Introduction

On this first peer-graded assignment we are going to do some exploratory analysis and a sample of the ngram. Since the data is composed of several languages for the porpose of this report we are going to explore only the english files and only going to explore 15,000 lines of each files in order to have a manageable set.

library(tm);library(stringi);library(RWeka);library(SnowballC);library(dplyr);library(ggplot2);library(gridExtra)

Importing the data set

The following code will check is you have the dataset set on a given directory. Feel free to change the directory to where you have downloaded the file. If the file is not within the directory it will be downloaded.
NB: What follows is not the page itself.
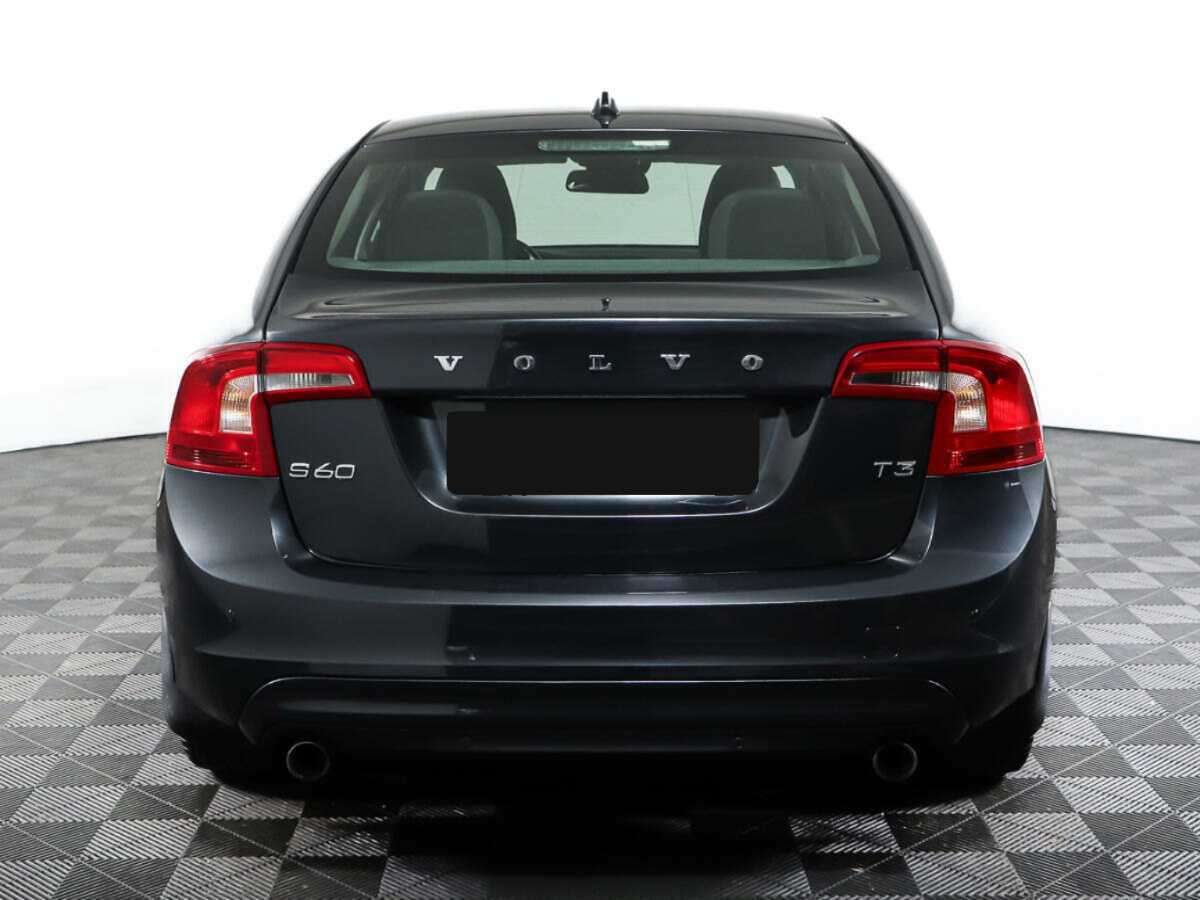 Купить Volvo S60 с пробегом. Фото: #4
dir <- "C:\\Users\\pedro moises\\Documents\\academic\\cursos online\\capstone project\\Capstone Project Data Science Specialization"
setwd(dir)
file_url <- "https://d396qusza40orc.cloudfront.net/dsscapstone/dataset/Coursera-SwiftKey.zip"
ifelse(
        file.exists("final"), 
        print("you are ready to roll"),
        ifelse(
                file.exists("Coursera-SwiftKey.zip"),
                unzip("./Coursera-SwiftKey.zip"),
                {download.file(file_url, destfile = "./Coursera-SwiftKey.zip");unzip("Coursera-SwiftKey.zip")}
        )
)

Reading the data

the r function readLines() reads text lines in a simple and quicker manner that other functions. In the case of the news dataset we have to open it as binary first because it has special characters. See this post for more information

twitter <- readLines(".\\final\\en_US\\en_US.twitter.txt", encoding = "UTF-8", skipNul = TRUE)
blogs <- readLines(".\\final\\en_US\\en_US.blogs.txt", encoding = "UTF-8", skipNul = TRUE)
#reading the news file as binary
b.news <- file(".\\final\\en_US\\en_US.news.txt", open="rb")
news <- readLines(b.news, encoding="UTF-8")
close(b.news)
rm(b.news)

number of observations, Word count, length by line

#number of observations
blog_l <- length(blogs)
news_l <- length(news)
twitter_l <- length(twitter)

#number character per entry
blogs_c <- nchar(blogs)
news_c <- nchar(news)
twitter_c <- nchar(twitter)

#number of words per entry
blogs_w <- stri_count_words(blogs)
news_w <- stri_count_words(news)
twitter_w <- stri_count_words(twitter)

summary <- data.frame( "Observations" = c(blog_l, news_l, twitter_l) %>% prettyNum(big.mark = ",") , 
                       "Characters"   = c(sum(blogs_c), sum(news_c), sum(twitter_c)) %>% prettyNum(big.mark = ","),
                       "Mean" =  (c(mean(blogs_c), mean(news_c), mean(twitter_c))) %>% ceiling,
                       "Median" = (c(median(blogs_c), median(news_c), median(twitter_c))) %>% ceiling,
                       "Words"        = c(sum(blogs_w), sum(news_w), sum(twitter_w)) %>% prettyNum(big.mark = ","),
                       "mean" = c(mean(blogs_w), mean(news_w), mean(twitter_w))  %>% ceiling(),
                       "Median" = c(median(blogs_w), median(news_w), mean(twitter_w))  %>% ceiling(),
                       row.names = c("Blogs", "News", "Twitter"))
knitr::kable(summary)

	Observations	Characters	Mean	Median	Words	mean	Median.1
Blogs	899,288	206,824,505	230	156	37,546,246	42	28
News	1,010,242	203,223,159	202	185	34,762,395	35	32
Twitter	2,360,148	162,096,241	69	64	30,093,410	13	13

As we can see in the table the number of observations varies sustancially amount the different files, having more entries on the twitter file. This is, however surpassed as we sum the number of character per entry; meaning that, as we can see from the table, the blogs and news have more charatecters per entry (the same applies to words). As we can see from the median and mean columns the blogs and news files have some observations with character counts (outliers) that skew a little the means. The twitter file seems to have more regular counts (something to spect since the number of character allowed in the social media is limited to 140 charatects).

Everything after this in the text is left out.